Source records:
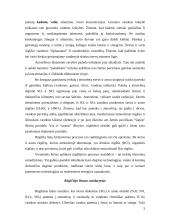 Rūgštusis lietus 4 puslapis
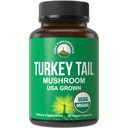 Peak Performance Organic Turkey Tail כמוסות - ארה"ב Grown Made with Real Turkey Tail Mushroom מערכת החיסון תומכת באופן טבעי תוספי Mushroom עבור חסינות. תוספת טבעונית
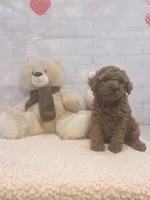 AKC-Latte, a male Poodle - Toy  for sale in Miami, FL – 4 of 10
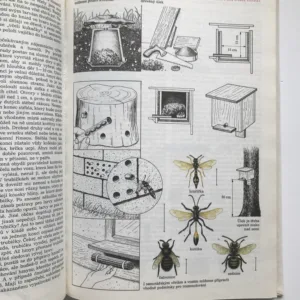 Malá tajemství přírody, Luděk J. Dobroruka, Jana Dobroruková, Petr Rob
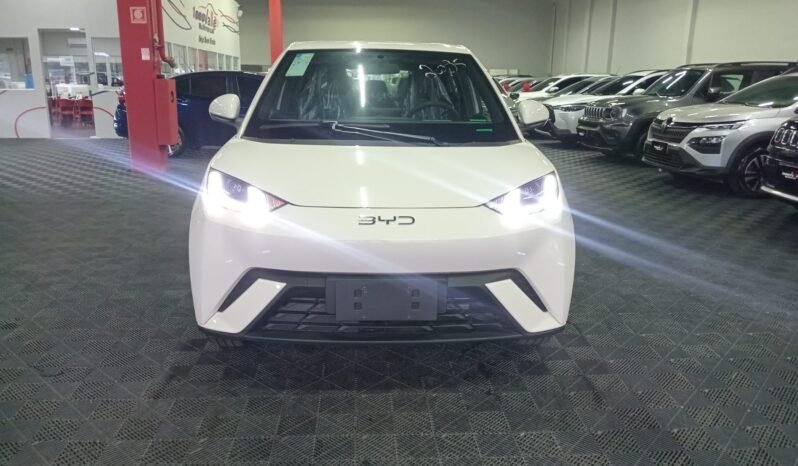BYD DOLPHIN MINI GL 2027 completo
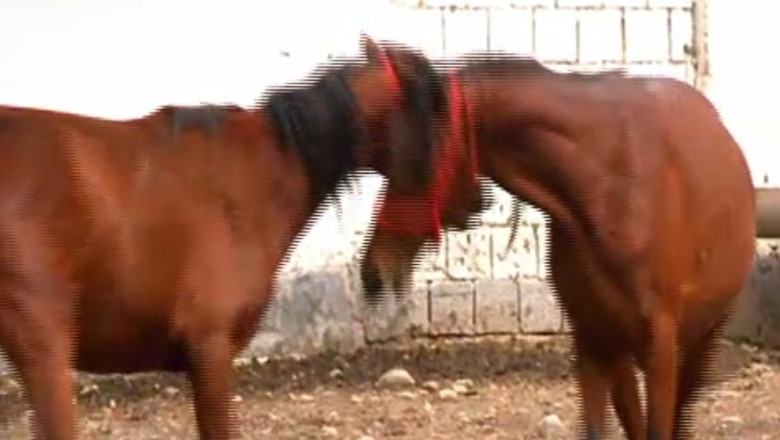 RAPORT DE TARA. Herghelia din judetul Buzau Imagine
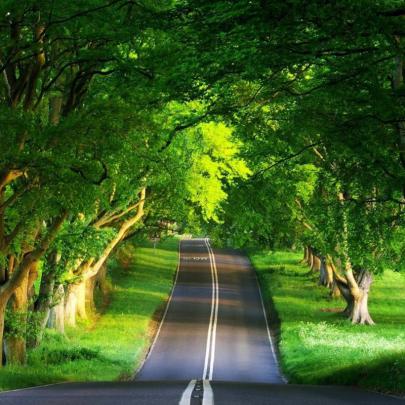 10 New Best Nature Wallpapers 1920X1080 FULL HD 1080p For PC Background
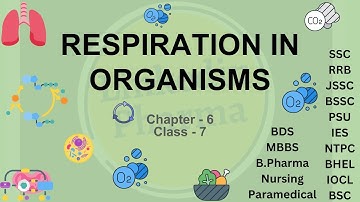Respiration in Organisms Explained | Class 7 Science Chapter 6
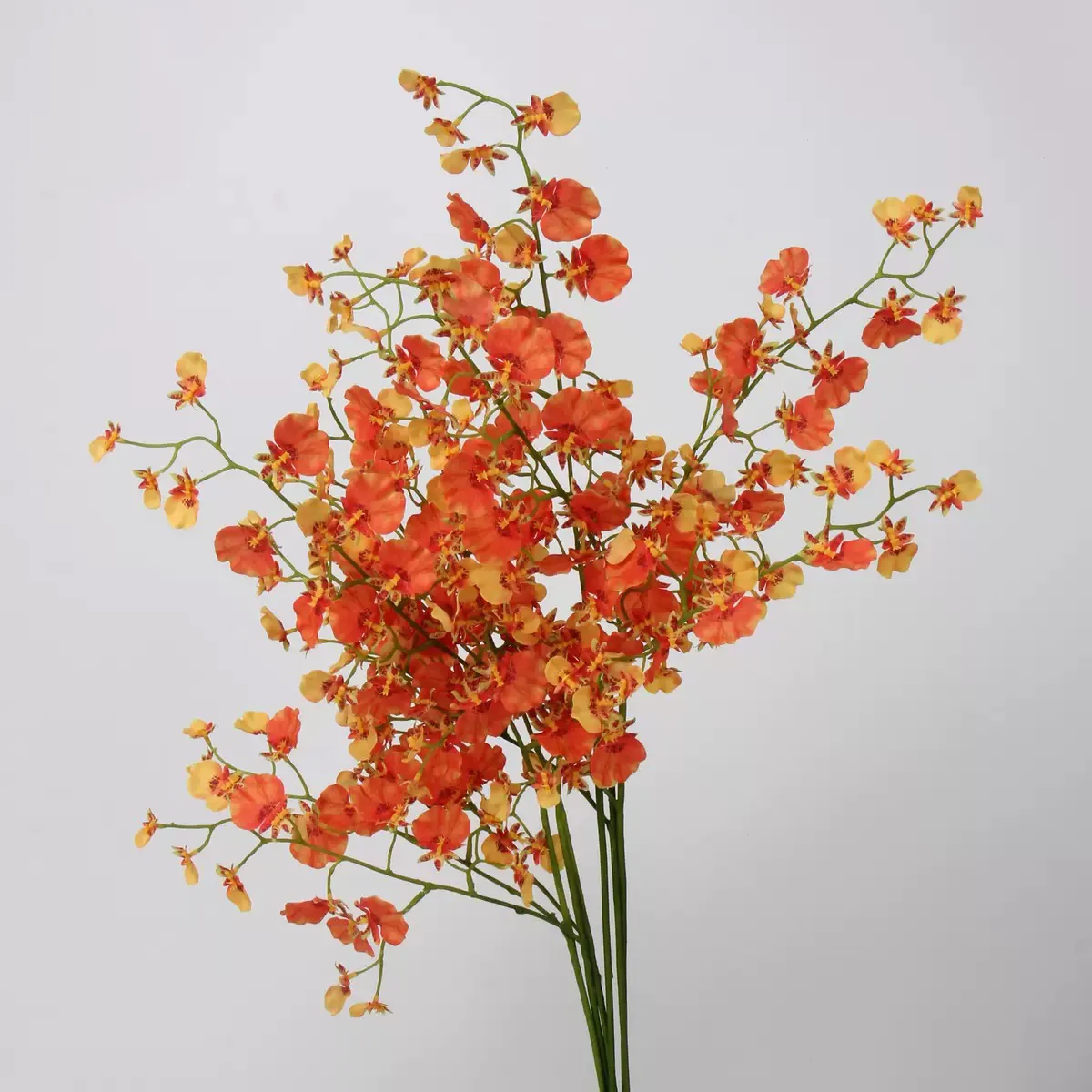 dancing orchid
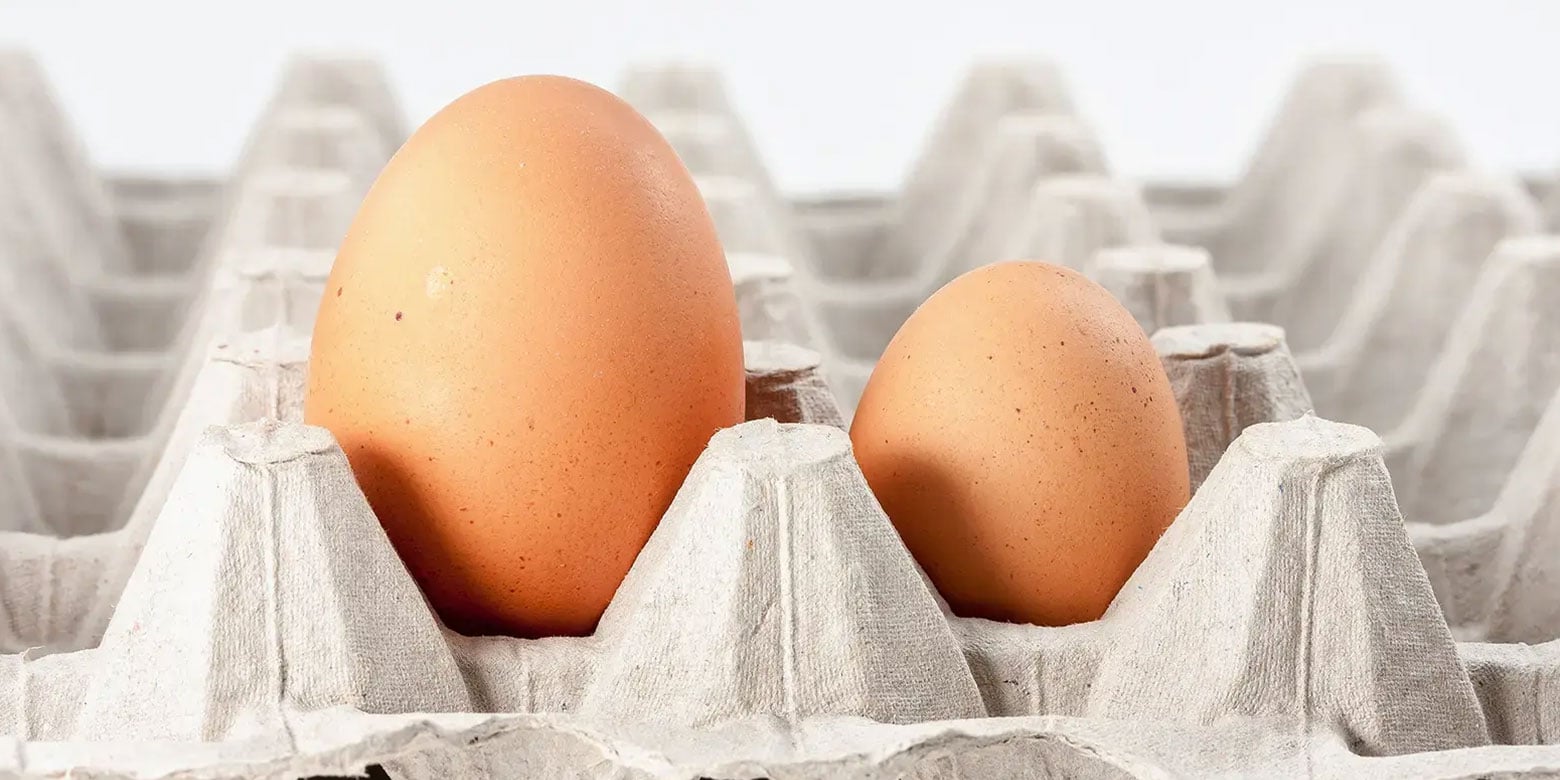 One egg much larger than the other in a carton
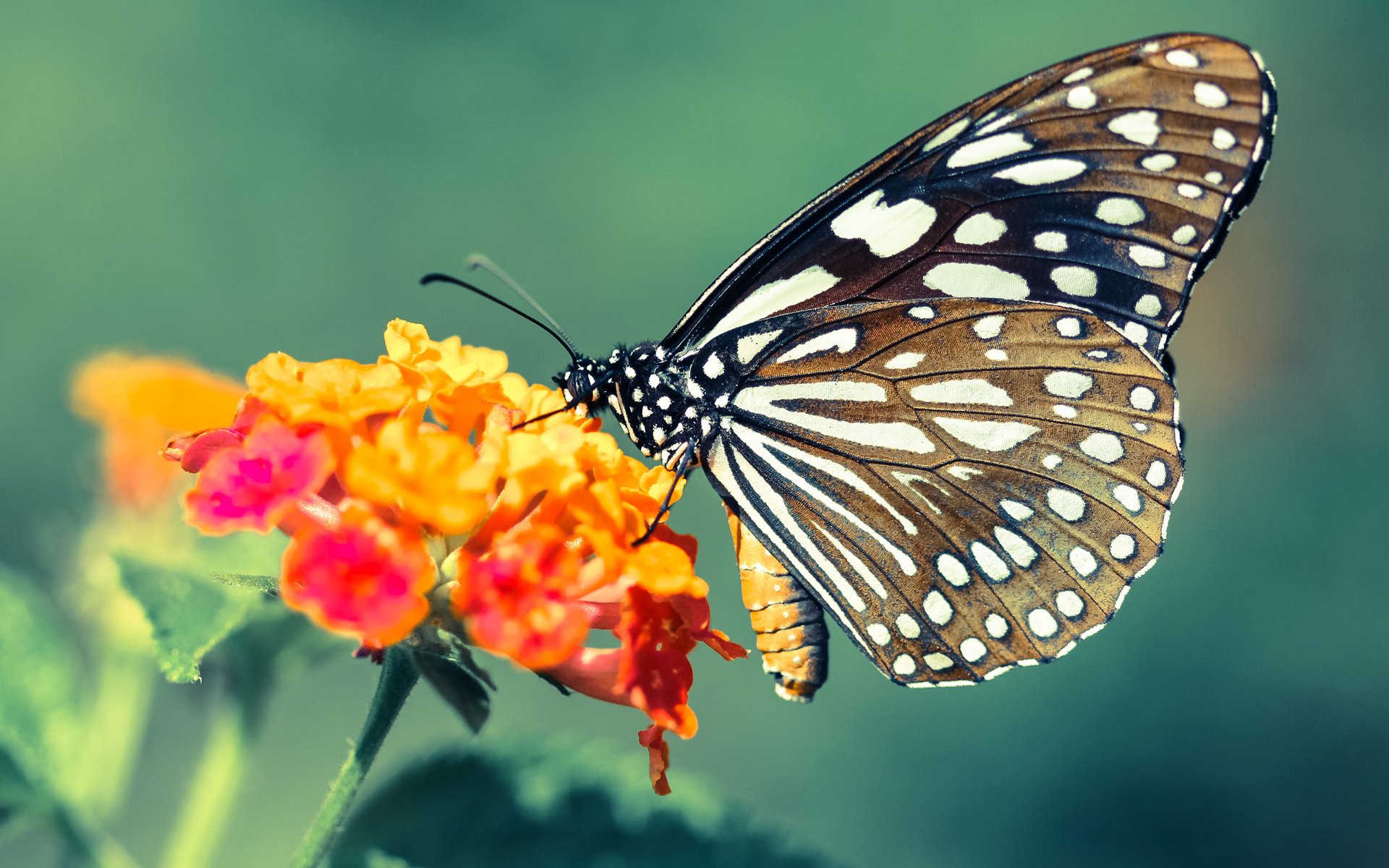 东契奇惊叹哈登暴走!雷霆降世,雄鹿主场崩塌,封神关键先生已就位
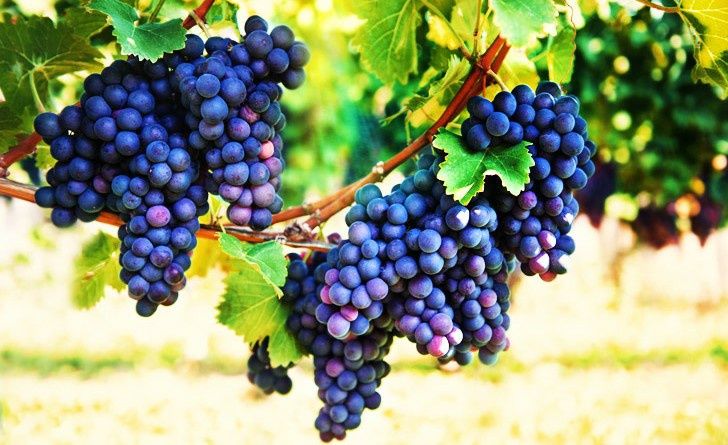 Vita de vie nobila altoita de vin neagra( 19 soiuri )i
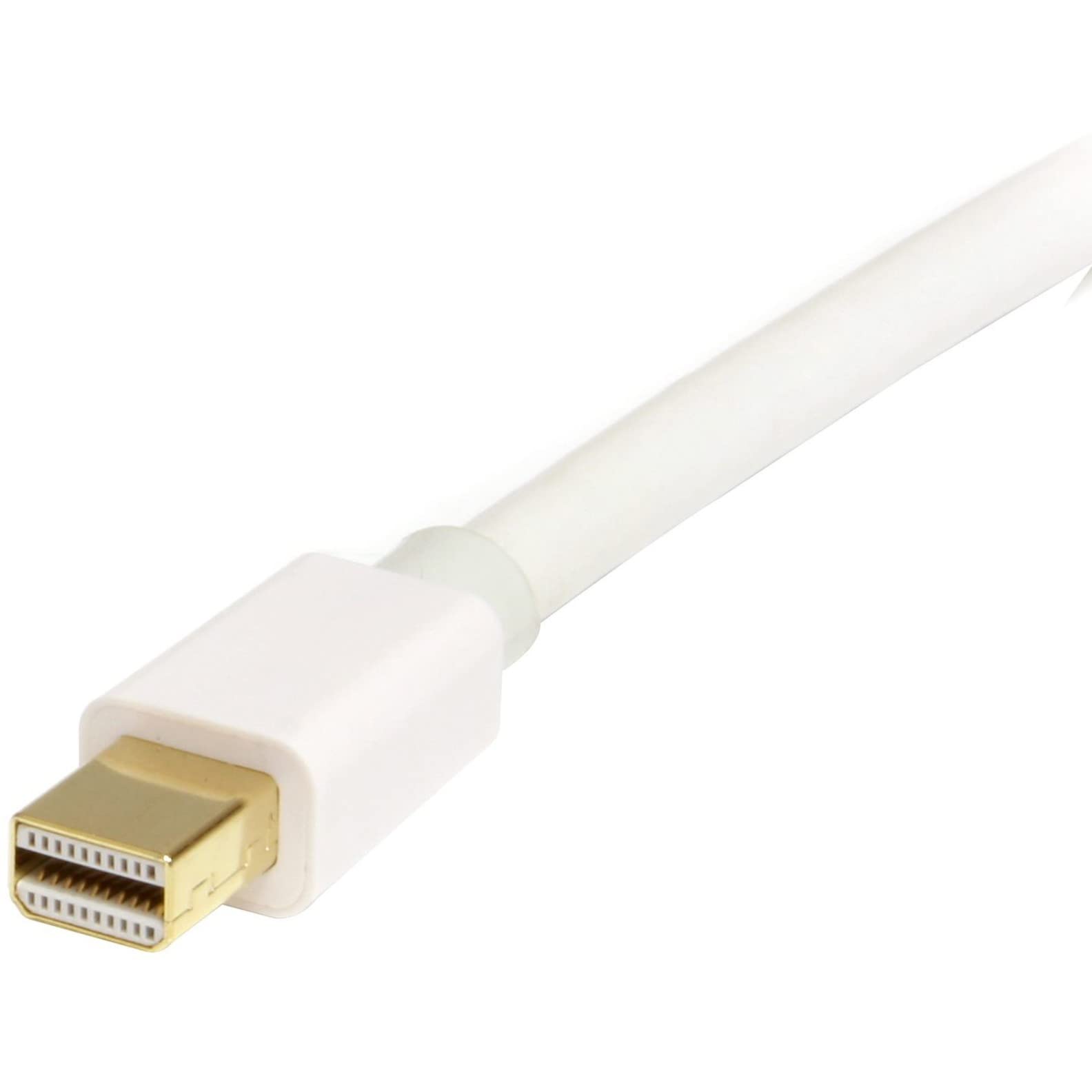 startech-com-mdp2dpmm2mw-c-ble-mini-displayport-vers-displayport-1-2-2m-blanc-4k image 3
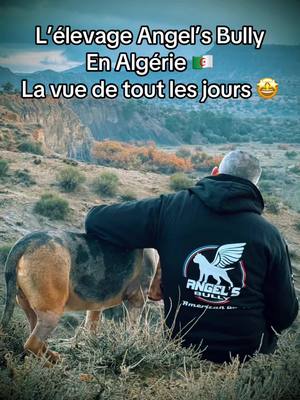 A post by @angels.bully on TikTok caption: L’élevage Angel’s Bully En Algérie 🇩🇿  La vue de tout les jours pour nos Bully  🤩#algeria #kabyle vous pouvez venir sur Facebook ou insta les lien sur le profil TikTok    🇫🇷🔱 #angels_bully 🔱 🇩🇿 #lms_photography 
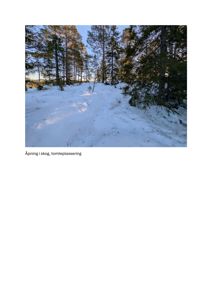 Fotografi av en snødekt skogstomte med en åpenning mot utsikt, med teksten 'Åpning i skog, tomteplassering' under.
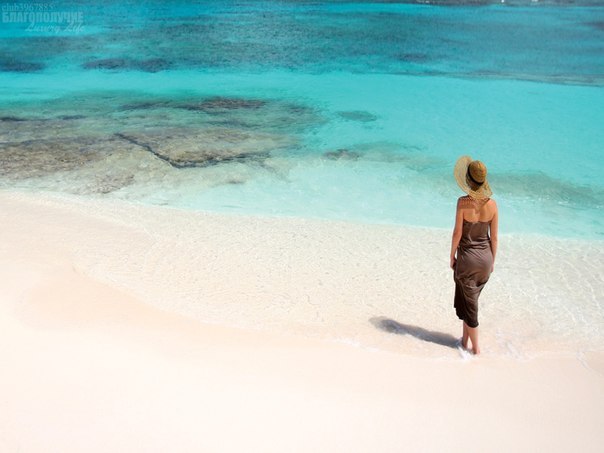 Марта Шумега | 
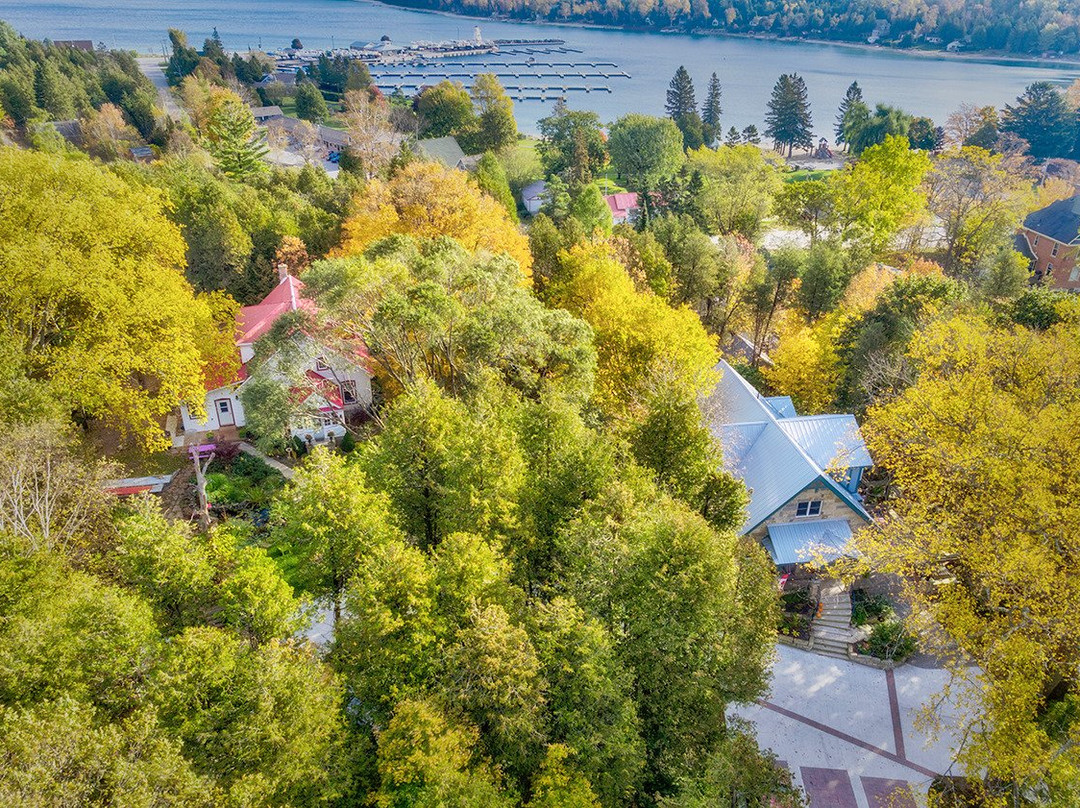 Lionheart Guest House主图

ABOUT THIS TASK
For this exercise, return the data above exactly and leave every picture out.

YOUR SOLUTION
 Rūgštusis lietus 4 puslapis
 Peak Performance Organic Turkey Tail כמוסות - ארה"ב Grown Made with Real Turkey Tail Mushroom מערכת החיסון תומכת באופן טבעי תוספי Mushroom עבור חסינות. תוספת טבעונית
 AKC-Latte, a male Poodle - Toy  for sale in Miami, FL – 4 of 10
 Malá tajemství přírody, Luděk J. Dobroruka, Jana Dobroruková, Petr Rob
BYD DOLPHIN MINI GL 2027 completo
 RAPORT DE TARA. Herghelia din judetul Buzau Imagine
 10 New Best Nature Wallpapers 1920X1080 FULL HD 1080p For PC Background
Respiration in Organisms Explained | Class 7 Science Chapter 6
 dancing orchid
 One egg much larger than the other in a carton
 东契奇惊叹哈登暴走!雷霆降世,雄鹿主场崩塌,封神关键先生已就位
 Vita de vie nobila altoita de vin neagra( 19 soiuri )i
 startech-com-mdp2dpmm2mw-c-ble-mini-displayport-vers-displayport-1-2-2m-blanc-4k image 3
 A post by @angels.bully on TikTok caption: L’élevage Angel’s Bully En Algérie 🇩🇿  La vue de tout les jours pour nos Bully  🤩#algeria #kabyle vous pouvez venir sur Facebook ou insta les lien sur le profil TikTok    🇫🇷🔱 #angels_bully 🔱 🇩🇿 #lms_photography 
 Fotografi av en snødekt skogstomte med en åpenning mot utsikt, med teksten 'Åpning i skog, tomteplassering' under.
 Марта Шумега | 
 Lionheart Guest House主图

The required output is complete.